* **Description of the task**: Copy exactly the lines of the data below that run from the line holding "TOYOTA DYNA" through the line holding "- الصورة ⁦3⁩", both ends included.

* **Data provided**:
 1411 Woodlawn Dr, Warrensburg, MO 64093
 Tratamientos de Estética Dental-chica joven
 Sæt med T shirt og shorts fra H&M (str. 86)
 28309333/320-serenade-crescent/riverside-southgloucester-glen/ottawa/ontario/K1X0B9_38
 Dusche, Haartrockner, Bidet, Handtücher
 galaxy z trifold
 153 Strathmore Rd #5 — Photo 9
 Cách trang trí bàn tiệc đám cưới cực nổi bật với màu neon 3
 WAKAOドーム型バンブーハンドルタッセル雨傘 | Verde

---

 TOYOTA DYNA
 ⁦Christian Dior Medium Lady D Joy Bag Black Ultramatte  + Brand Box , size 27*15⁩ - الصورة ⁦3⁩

* **Result for this exercise**:
 TOYOTA DYNA
 ⁦Christian Dior Medium Lady D Joy Bag Black Ultramatte  + Brand Box , size 27*15⁩ - الصورة ⁦3⁩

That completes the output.